Хаммар вглядывался в Бредшо: тот был чуть пьян, растерян, напуган
поединком с сильнейшим мечом страны и, увы, нисколько не походил на
колдуна. Да, прав был король, строжайше приказав чтобы не было завтра этой
мокрой курицы на суде.
- Вольно же вам было вмешиваться, - упрекнул торговца Хаммар.
- Я и не хотел, - пожаловался Бредшо. - Но что еще мне было делать,
услышав, как этот мерзавец пытает мальчишку?
- В десяти часах езды отсюда, - сказал Хаммар, - храм Золотого
Государя. Припадете к алтарю, попросите убежища, через три дня вернетесь.
Бредшо доскакал до убежища на рассвете по священной дороге от
Золотого Храма до Мертвого города. Дорога была великолепна - единственное
сохранившееся строение империи, памятник порядку, вознесшийся на цоколе в
сто двадцать километров. По всей стране "десять часов езды" давно означали
путь втрое меньший и лишь тут меры времени и расстояния соответствовали
языку богов. Это-то и подвело землян: мощный передатчик с корабля Бредшо
слышал, а его собственный пищал только на пятьдесят километров.

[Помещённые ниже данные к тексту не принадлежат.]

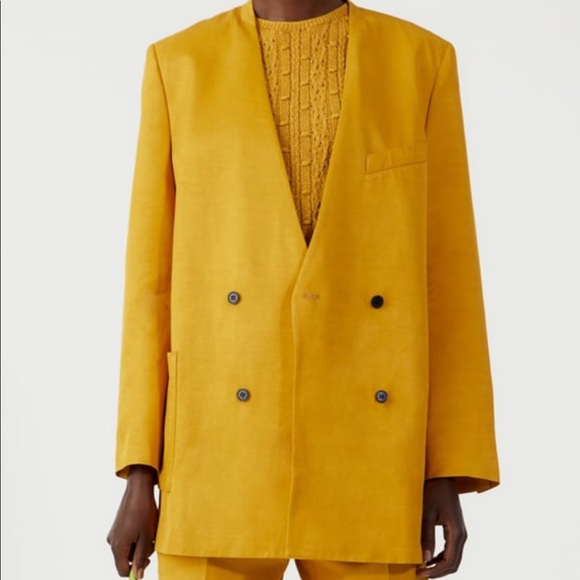 Zara mustard blazer jacket sz M-L - Picture 2 of 2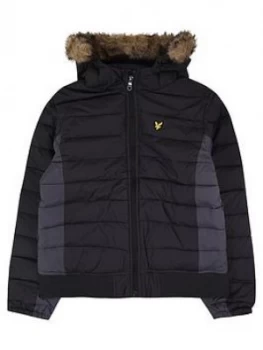 Image of Lyle & Scott Boys Lightweight Colour Block Padded Jacket - Black, Size Age: 14-15 Years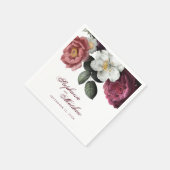 Serviette En Papier Élégant Burgundy Blush Floral Mariage (Coin)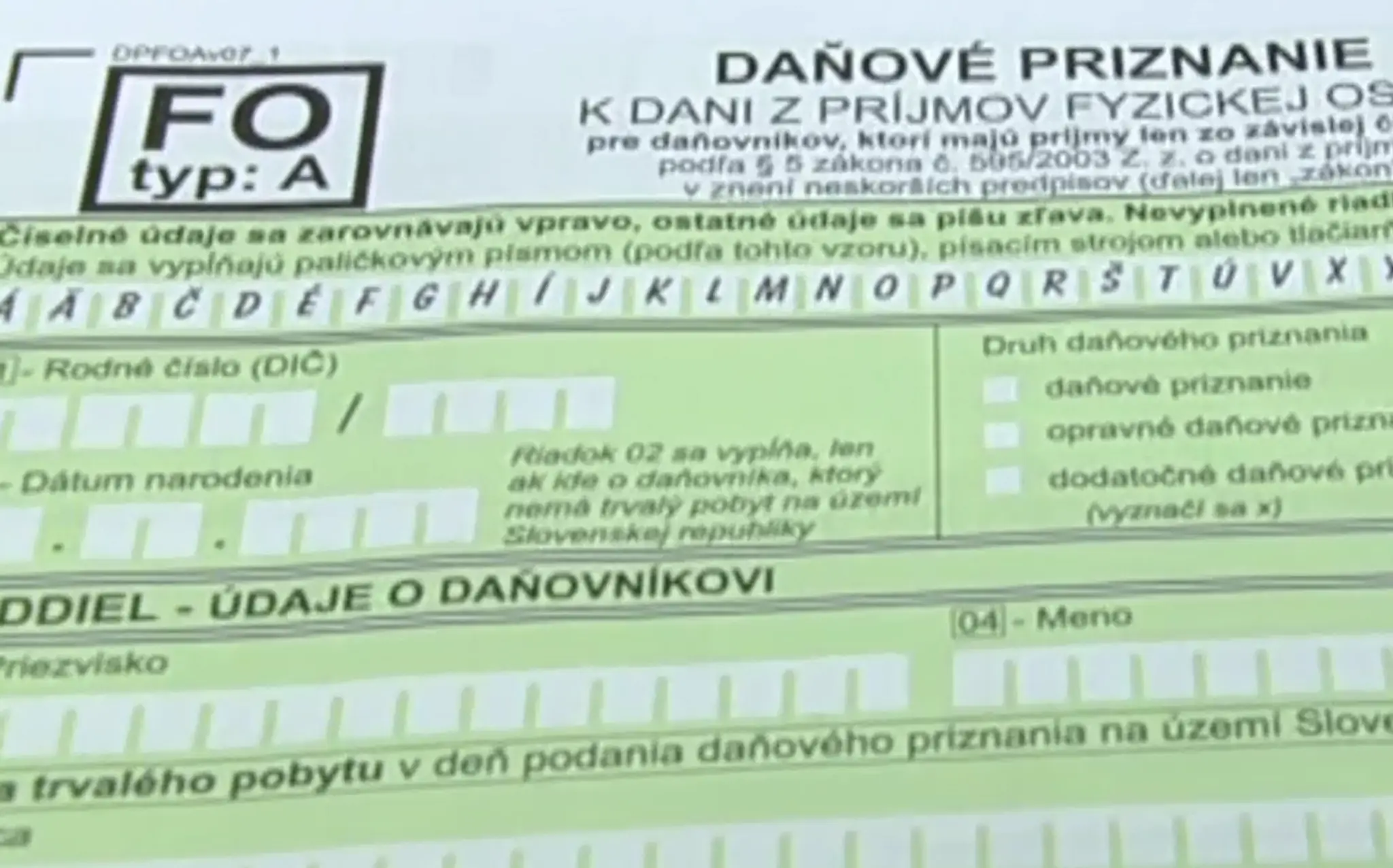 Daňové priznanie - ilustračné foto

Едва Кобчик и Бредшо уехали, к постоялому двору стали собираться
горожане, кто с оружием, а кто с ухватом и вилами, начали жечь костры и
спорить, кто храбрее из чужеземцев: тот, который застрелил птицу или
который не побоялся сразиться с самим Кукушонком. И сошлись на том, что
надо пойти к замку Кречетов и сжечь там чучело человека, покусившегося на
государя, потому что, надо сказать, народ всегда называл короля государем,
хотя это и было неправильно.
А Хаммар Кобчик, закутанный по брови в синий плащ с капюшоном,
подъехал тем временем к замку Ятунов в Мертвом Городе.
Главе рода Белых Кречетов было девяносто три зимы, он жил, как живой
мертвец, в одном из восточных замков, и никто его не видел и не слышал.
Сын его помер в бою, а наследником рода был Киссур Кречет, старший брат
Марбода Кукушонка. Киссур был человек рассудительный и домосед, рассердить
его было нелегко, а одолеть, рассердив, было еще трудней. Все знали, что
ему было трудно убить человека, особенно если за убийство надо было
платить большую виру.
Брата своего Киссур боготворил. Когда зимой тот стал королевским
дружинником, старая женщина дала Киссуру серебряный топор и велела срубить
Марбодово родимое дерево во дворе замка. Киссур бросил топор в реку и
проплакал три дня, а старая женщина сказала: "Ты отказался отрубить гнилую
ветвь тогда, когда это принесло бы роду честь - теперь тебе придется
рубить ее тогда, когда это принесет роду бесчестье".
Итак, Хаммар Кобчик, закутанный, въехал во двор замка. Вокруг царила
суета: о Марбоде уже все знали. Хаммар Кобчик попросил скорее воды, словно
умирает от жажды. Ему принесли воду, и он стал жадно пить.
Хаммар Кобчик был человек предусмотрительный, и, хотя на гостя,
кровник он или нет, нападать нельзя, кто его знает, что нельзя и что можно
в такую ночь. А на того, кто выпьет или поест в доме, не нападет уже
никто. Вот Хаммар Кобчик выпил поскорее чарку и сбросил плащ. Тут его
многие признали, и Кобчик понял, что пил он чарку не зря.